Par Colleen Drobot (15 novembre 2010)



Dernièrement, j’ai lu une étude qui concluait que les nord-américains accordent une grande valeur à l’indépendance. Nous voulons tous que nos enfants grandissent et se tiennent solidement sur leurs deux jambes; qui veut qu’à trente ans, leur enfant habite encore avec eux? Le problème, comme l’explique Dr Neufeld, est que nous ne sommes pas des oiseaux qu’on peut pousser hors du nid. En fait, plus nous poussons nos enfants vers l’indépendance, plus ils se cramponnent, abandonnent ou se tournent vers quelqu’un d’autre pour obtenir de l’aide. Si nous voulons approfondir notre attachement et cultiver leur indépendance, il nous faut d’abord inviter nos enfants à dépendre de nous.


Paradoxalement, lorsque que nous transmettons à nos enfants le message que nous allons prendre soin d’eux, qu’ils peuvent compter sur nous, s’appuyer sur nous, cela leur permet de se détendre et de se sentir bien nourri (encadré, comblé, pris en charge). C’est alors qu’ils commencent à s’aventurer, à essayer des choses par eux-mêmes. Je le constate moi-même quand j’ai un problème comme, par exemple, avec mon ordinateur. Plus mon mari me refuse son aide, plus je me sens impuissante et je veux tout abandonner. Mais quand il s’approche et dit : « Viens, laisse-moi t’aider », je me sens reconnaissante et attachée à lui. Je m’apaise et retrouve ainsi mon énergie et ma confiance pour comprendre les choses par moi-même. Pour que les humains puissent se tenir debout, ils ont d’abord besoin de sentir qu’on prend bien soin d’eux.

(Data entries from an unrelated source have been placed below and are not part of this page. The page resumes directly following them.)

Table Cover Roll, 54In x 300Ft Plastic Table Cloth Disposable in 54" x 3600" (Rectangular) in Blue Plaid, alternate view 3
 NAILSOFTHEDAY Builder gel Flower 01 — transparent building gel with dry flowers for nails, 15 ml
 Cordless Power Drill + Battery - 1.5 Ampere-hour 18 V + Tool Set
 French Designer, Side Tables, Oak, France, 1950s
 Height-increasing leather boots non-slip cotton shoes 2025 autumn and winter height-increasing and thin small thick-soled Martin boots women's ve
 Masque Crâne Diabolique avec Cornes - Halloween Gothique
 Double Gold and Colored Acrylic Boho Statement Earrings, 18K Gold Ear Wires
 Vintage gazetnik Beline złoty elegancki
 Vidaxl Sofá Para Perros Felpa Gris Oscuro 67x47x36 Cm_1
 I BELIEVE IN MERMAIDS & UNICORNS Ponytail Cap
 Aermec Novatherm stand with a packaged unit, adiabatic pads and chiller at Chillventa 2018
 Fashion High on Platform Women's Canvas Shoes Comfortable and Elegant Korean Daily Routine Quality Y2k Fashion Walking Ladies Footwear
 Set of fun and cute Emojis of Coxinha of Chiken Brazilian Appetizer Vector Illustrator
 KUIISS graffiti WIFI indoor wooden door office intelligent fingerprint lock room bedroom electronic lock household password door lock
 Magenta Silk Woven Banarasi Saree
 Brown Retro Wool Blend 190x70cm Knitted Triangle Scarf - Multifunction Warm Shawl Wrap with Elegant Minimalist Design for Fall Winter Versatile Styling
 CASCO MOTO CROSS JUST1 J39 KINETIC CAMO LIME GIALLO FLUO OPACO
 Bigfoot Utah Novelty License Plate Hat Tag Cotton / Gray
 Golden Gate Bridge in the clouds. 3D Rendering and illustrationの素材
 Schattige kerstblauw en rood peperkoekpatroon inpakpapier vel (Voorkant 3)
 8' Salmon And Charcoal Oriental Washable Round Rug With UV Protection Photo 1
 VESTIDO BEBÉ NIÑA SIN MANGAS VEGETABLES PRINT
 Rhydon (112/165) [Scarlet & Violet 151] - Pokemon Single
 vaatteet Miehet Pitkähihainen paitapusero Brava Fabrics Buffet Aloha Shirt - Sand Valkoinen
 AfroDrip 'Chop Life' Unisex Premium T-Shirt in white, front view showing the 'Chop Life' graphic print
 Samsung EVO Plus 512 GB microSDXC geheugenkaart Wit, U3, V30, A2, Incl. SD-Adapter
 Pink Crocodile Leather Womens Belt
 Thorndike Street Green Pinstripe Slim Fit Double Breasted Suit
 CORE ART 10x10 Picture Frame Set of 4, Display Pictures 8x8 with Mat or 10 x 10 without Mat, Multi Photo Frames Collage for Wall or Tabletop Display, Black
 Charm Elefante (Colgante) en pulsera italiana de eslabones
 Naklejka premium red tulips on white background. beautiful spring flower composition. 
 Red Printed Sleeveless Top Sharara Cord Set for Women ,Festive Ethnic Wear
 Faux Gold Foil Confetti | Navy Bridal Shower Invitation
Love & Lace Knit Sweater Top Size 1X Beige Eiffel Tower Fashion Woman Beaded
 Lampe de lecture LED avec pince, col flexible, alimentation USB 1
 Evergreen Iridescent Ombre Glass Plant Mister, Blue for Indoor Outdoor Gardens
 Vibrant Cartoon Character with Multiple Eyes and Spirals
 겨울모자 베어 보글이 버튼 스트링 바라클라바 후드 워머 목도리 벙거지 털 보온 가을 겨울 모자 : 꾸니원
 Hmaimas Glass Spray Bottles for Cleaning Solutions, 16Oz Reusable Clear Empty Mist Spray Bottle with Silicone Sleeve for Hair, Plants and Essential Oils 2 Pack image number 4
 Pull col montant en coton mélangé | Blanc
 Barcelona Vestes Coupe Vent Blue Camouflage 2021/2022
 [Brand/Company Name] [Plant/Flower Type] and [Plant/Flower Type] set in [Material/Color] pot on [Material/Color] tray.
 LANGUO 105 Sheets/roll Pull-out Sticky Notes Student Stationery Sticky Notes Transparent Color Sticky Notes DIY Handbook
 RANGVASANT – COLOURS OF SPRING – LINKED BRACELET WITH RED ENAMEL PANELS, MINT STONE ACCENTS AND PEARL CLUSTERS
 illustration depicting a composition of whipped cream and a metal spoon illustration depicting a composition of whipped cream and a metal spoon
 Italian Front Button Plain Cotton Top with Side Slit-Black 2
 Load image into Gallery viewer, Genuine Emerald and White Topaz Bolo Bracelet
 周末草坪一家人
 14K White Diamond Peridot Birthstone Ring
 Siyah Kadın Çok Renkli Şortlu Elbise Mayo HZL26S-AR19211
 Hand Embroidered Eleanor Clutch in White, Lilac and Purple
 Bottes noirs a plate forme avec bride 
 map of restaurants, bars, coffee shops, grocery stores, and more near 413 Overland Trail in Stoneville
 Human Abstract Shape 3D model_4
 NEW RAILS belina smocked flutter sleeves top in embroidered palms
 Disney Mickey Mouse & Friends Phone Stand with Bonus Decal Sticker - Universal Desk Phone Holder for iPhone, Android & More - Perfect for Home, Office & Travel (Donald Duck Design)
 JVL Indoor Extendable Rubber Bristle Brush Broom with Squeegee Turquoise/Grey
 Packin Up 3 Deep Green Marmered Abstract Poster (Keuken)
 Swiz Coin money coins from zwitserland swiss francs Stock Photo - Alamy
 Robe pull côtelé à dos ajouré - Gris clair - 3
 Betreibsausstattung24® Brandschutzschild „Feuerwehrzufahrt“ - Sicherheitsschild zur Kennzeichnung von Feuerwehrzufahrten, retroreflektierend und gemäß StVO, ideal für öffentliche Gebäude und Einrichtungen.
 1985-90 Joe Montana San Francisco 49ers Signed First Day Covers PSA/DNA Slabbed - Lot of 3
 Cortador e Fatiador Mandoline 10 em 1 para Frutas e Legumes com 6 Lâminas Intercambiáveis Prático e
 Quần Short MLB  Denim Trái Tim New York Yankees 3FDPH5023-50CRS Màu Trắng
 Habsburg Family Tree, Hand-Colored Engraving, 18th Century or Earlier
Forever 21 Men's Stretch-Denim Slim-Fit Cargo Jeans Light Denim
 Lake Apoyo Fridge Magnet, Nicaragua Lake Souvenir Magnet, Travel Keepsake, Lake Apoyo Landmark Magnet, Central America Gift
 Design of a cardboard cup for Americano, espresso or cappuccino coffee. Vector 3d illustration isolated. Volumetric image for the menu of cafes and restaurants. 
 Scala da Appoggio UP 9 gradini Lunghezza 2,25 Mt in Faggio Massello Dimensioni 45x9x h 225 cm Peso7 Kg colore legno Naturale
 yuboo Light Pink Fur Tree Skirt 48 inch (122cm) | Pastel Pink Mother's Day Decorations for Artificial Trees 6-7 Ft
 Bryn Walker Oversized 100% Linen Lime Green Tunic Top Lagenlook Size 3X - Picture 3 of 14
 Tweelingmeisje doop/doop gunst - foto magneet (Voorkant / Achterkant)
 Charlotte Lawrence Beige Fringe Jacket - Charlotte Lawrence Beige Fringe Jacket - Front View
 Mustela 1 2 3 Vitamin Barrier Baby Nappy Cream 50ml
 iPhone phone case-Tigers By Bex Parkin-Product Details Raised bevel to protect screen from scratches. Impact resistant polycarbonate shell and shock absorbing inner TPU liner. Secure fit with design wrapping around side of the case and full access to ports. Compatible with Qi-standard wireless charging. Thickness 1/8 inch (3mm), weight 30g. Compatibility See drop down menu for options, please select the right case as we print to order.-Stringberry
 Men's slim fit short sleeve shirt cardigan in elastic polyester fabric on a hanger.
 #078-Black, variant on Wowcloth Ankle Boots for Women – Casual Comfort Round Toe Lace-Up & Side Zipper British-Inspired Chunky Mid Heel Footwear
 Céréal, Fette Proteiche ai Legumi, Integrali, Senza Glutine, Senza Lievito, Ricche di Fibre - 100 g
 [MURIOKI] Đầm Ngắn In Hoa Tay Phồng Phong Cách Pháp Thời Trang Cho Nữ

J’ai travaillé pour un formidable directeur d’école qui connaissait ce secret. Il nous invitait généreusement à compter sur lui et il soutenait toujours les membres de son personnel. Les enseignants lui étaient attachés et il faisait ressortir le meilleur en chacun de nous. En fait, nous avons travaillé plus fort pour lui que pour n’importe quel autre directeur. Il était un chef d’équipe formidable de qui nous pouvions dépendre. Tous les bons films sur des enseignants illustrent d’ailleurs cette relation d’un professeur qui invite son élève à s’appuyer sur lui jusqu’à ce qu’il soit capable de s’envoler. Nous ne voyons jamais le professeur agir de façon mesquine, disant : « Ne viens pas me demander de l’aide, débrouille-toi! » Au contraire, ces professeurs nous invitent dans leur classe et nous assurent de leur disponibilité. Si nous avons du mal à accomplir une tâche, ils nous transmettent le message : « Je suis là pour toi quand tu en as besoin ».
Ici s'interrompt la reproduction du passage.